Parallelizing Dense Symmetric Indefinite Solvers
P.E. Strazdins.
Parallelizing Dense Symmetric Indefinite Solvers,
PART'99, The 6th Annual Australasian Conference on
Parallel And Real-Time Systems, Springer-Verlag, Melbourne, Dec 1999,
pages 398-410.
Contents
Abstract
This paper describes the design, implementation and performance
of a parallel direct dense symmetric-indefinite solver. The primary
target architecture for the solver is the Fujitsu AP3000, a distributed
memory machine based on the UltraSPARC processor.
The solver uses the Bunch-Kaufman diagonal pivoting method and is
based on the LAPACK algorithm, with several modifications required for
efficient parallel implementation.
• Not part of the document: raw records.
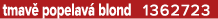 tmav popelav  blond 1362723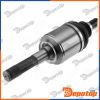 Demi-Arbre de Transmission arrière gauche pour RANGE ROVER | NPW-LR-055, 30-0445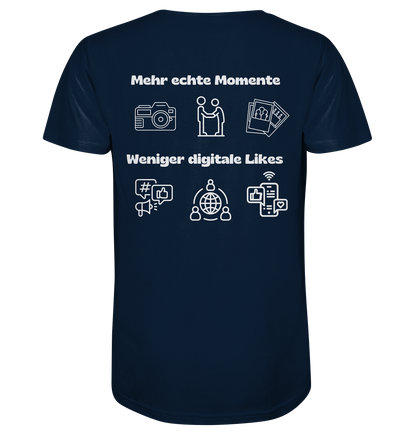 ThriveVibes - Real Moments Herren T-Shirt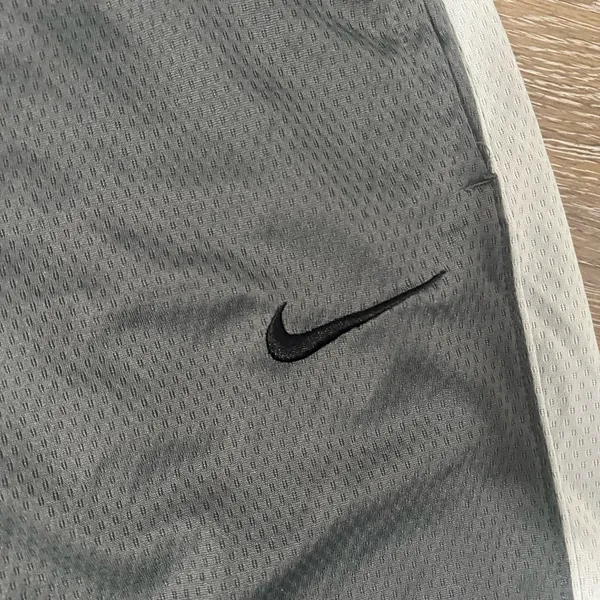 Nike Women’s Dry Fit Gray Basketball Shorts - Image 2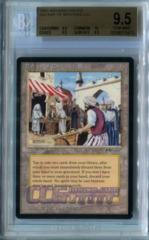 Bazaar of Baghdad #B (Arabian Nights) - BGS GEM MINT 9.5 (QUAD+ w/10 sub)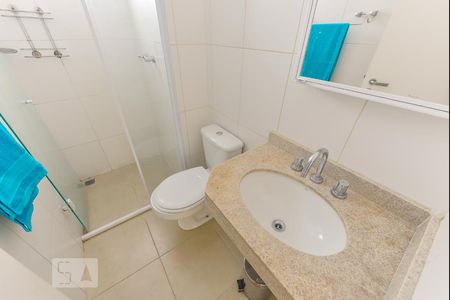Apartamento à venda com 65m², 2 quartos e 1 vaga Apartamento à venda com 65m², 2 quartos e 1 vagaBanheiro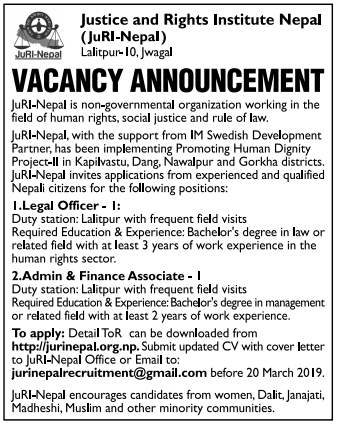 Legal Officer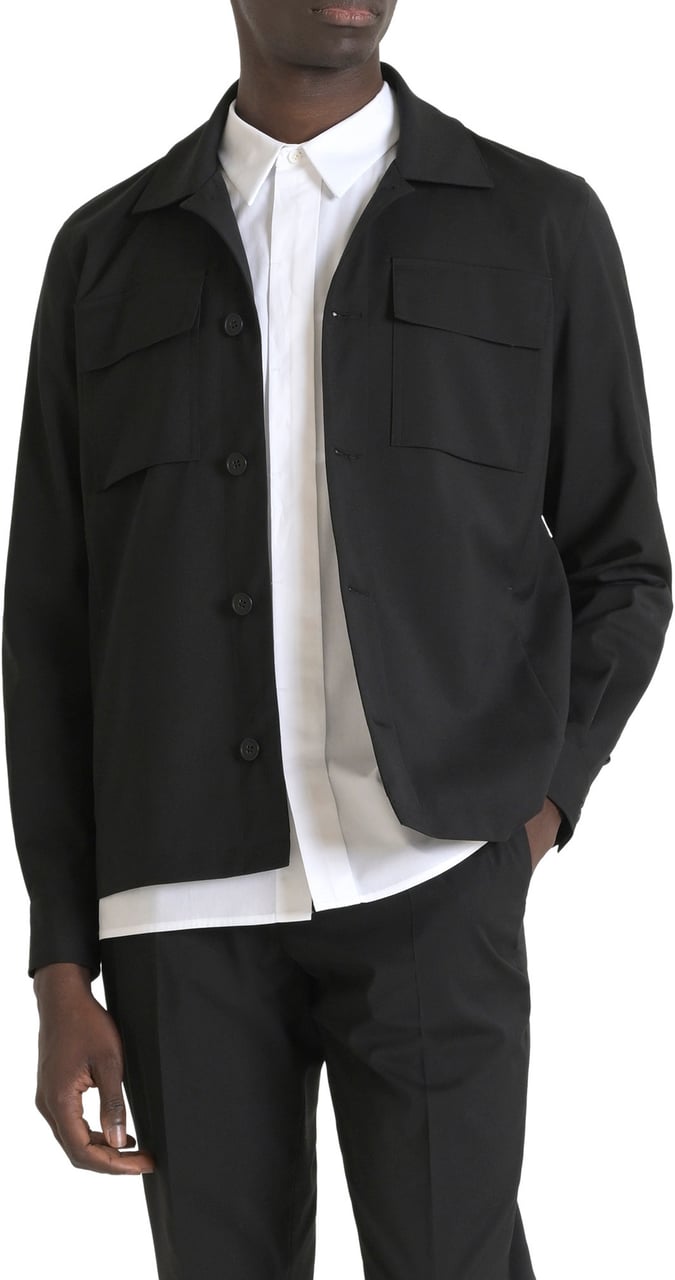 Antony Morato SHIRT MELBOURNE REGULAR FIT Zwart
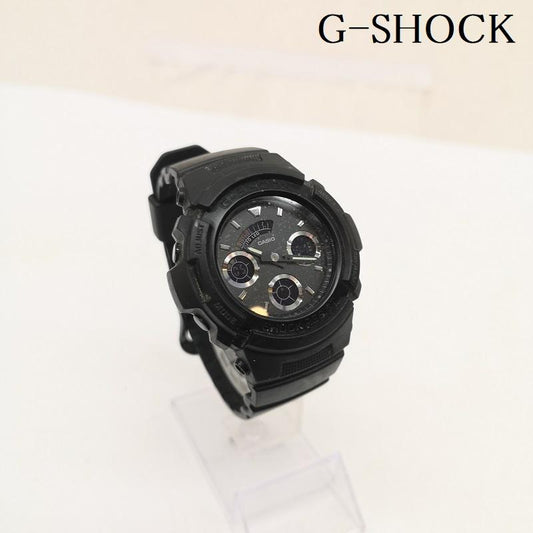 ジーショック G-SHOCK 腕時計 アナログ（クォーツ式） CASIO カシオ AW-591BB アナデジ クォーツ 腕時計 - 黒 / ブラック / black メンズ USED 古着 中古 50168080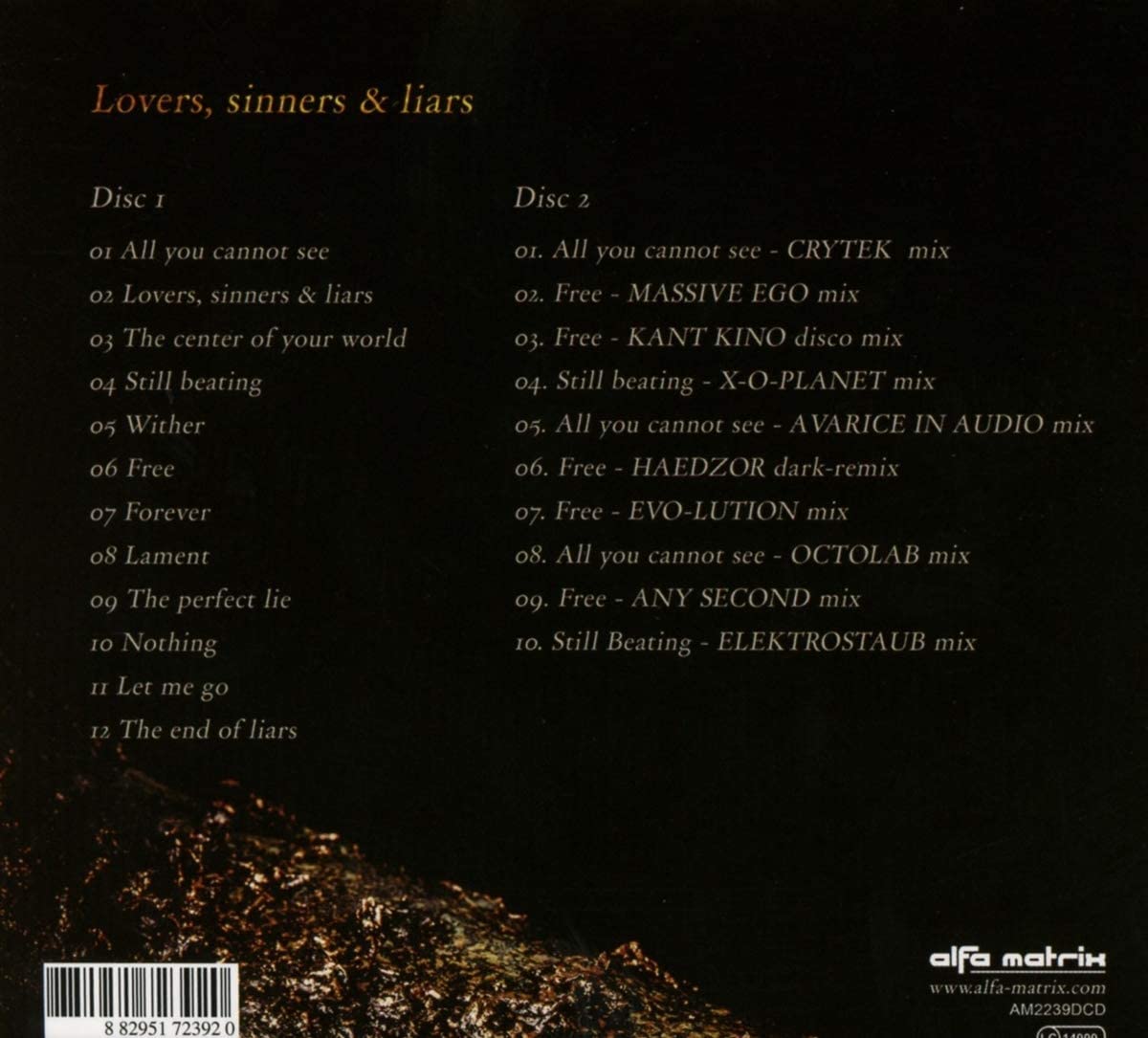 Lovers Sinners & Liars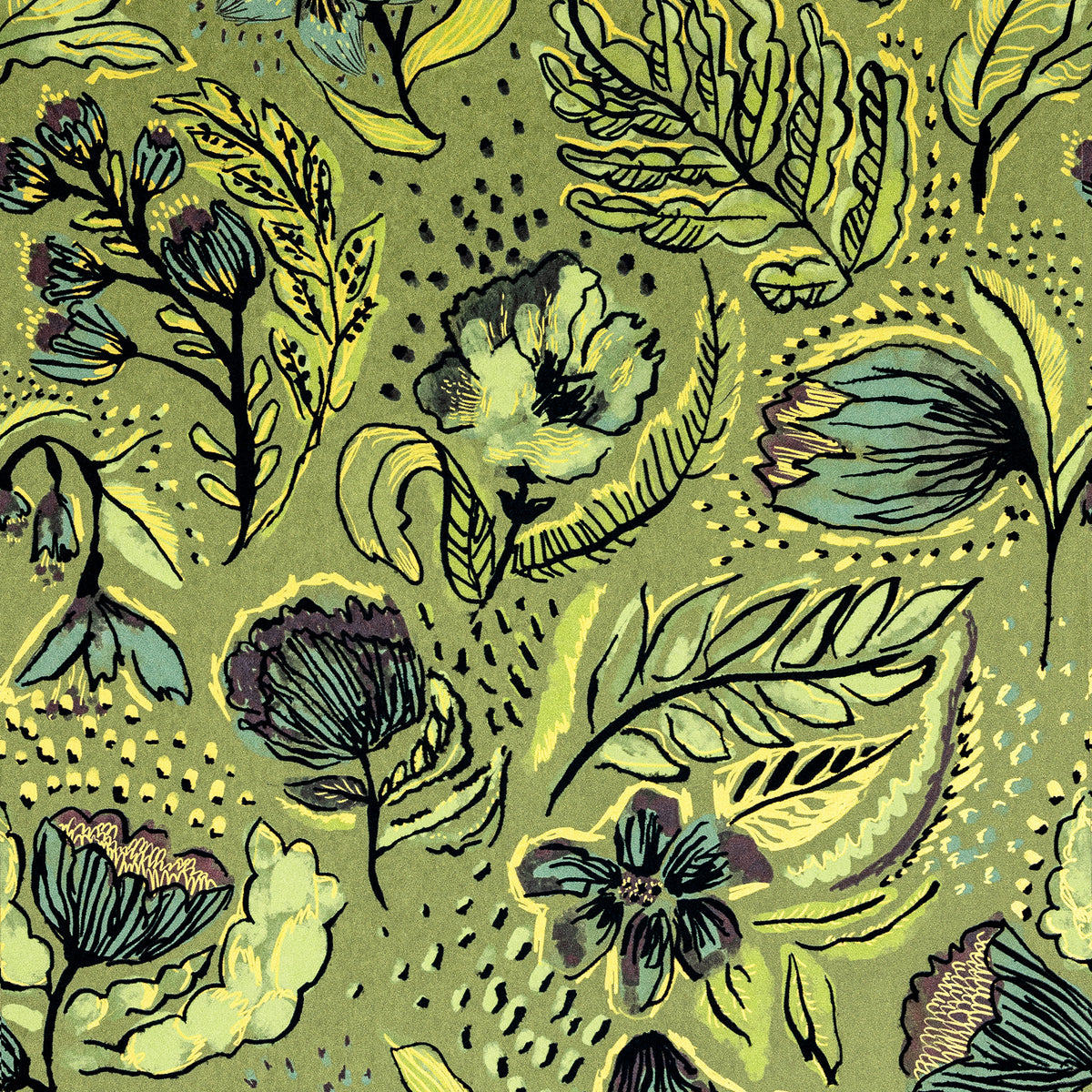Galerie Pepper Wild Garden Wallpaper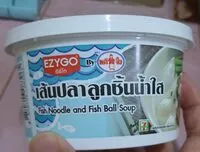 Mängden socker i เส้นปลาลูกชิ้นน้ำใส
The solver out-performs its equivalent
LAPACK routine zsysv() by 13% when run on a 300 MHz UltraSPARC
processor for a complex matrix of order 1601 and a single right hand size,
with a speed of 436 (double precision) MFLOPs.
Using run-time settable parameters, the routine can use any logical P x Q
processor grid, any (square) storage block size r and any algorithmic
block size w. This enables performance tuning via trading off load balance
and communication penalties, the latter being relatively higher than for
LU or LLT solvers. For a matrix of order 10000 on a 16-node AP3000,
best performance was achieved with P = Q = 4, w = 48; r = 4 with a
speed of 5.4 GFLOPs and a parallel speedup of 12.4
Keywords
dense linear algebra, block cyclic decomposition,
algorithmic blocking, storage blocking,
symmetric indefinite systems, LDLT decomposition